# Killer snails?



## Zip (Apr 17, 2005)

I had a batch of RB's hatch about a week and a half ago. Since this was the first time I ever had this occur (and rather unexpectedly I might add), I started scouring the site for info about raising fry. It was quite helpful.

However, one suggestion was to keep a couple snails in the fry tank to clean up the excess waste. I did so, and was quite happy with the resulting clean tank. However, I began noticing large numbers of my fry disappearing, usually upon inspection in the morning...no dead bodies floating or anything - just raptured right out of the tank it seemed. I puzzled over it for several days, checking to see if they could possibly be getting sucked into the filter somehow, or jumping out of the tank, but could find no answer.

It finally popped into my head that the snails may be the culprit. They weren't that large, although in comparison to the fry they were about 3 times their size. I sucked all the snails out, and since thereafter, my fry numbers have remained surprisingly steady.

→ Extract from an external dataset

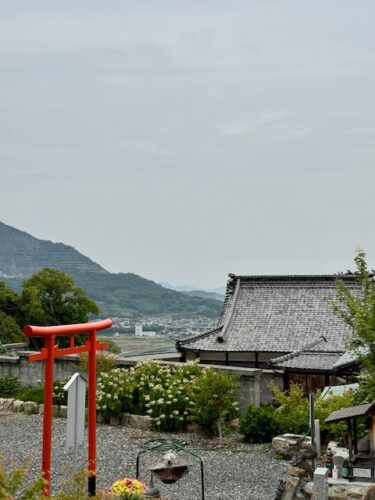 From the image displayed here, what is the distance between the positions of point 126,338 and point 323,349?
376 ft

Were the snails snacking on my fry as they slept on the bottom of the tank? In retrospect it wouldn't have taken much to hold them in place on the glass while the snail snacked away at them, since they P's bodies were so soft and undeveloped.


----------



## mantis (May 16, 2003)

I would say the snails aren't gonna kill live fry. I would recommend changing somthing your doing. More frequent water changes, manually cleaning the sh*t up your self manually.


----------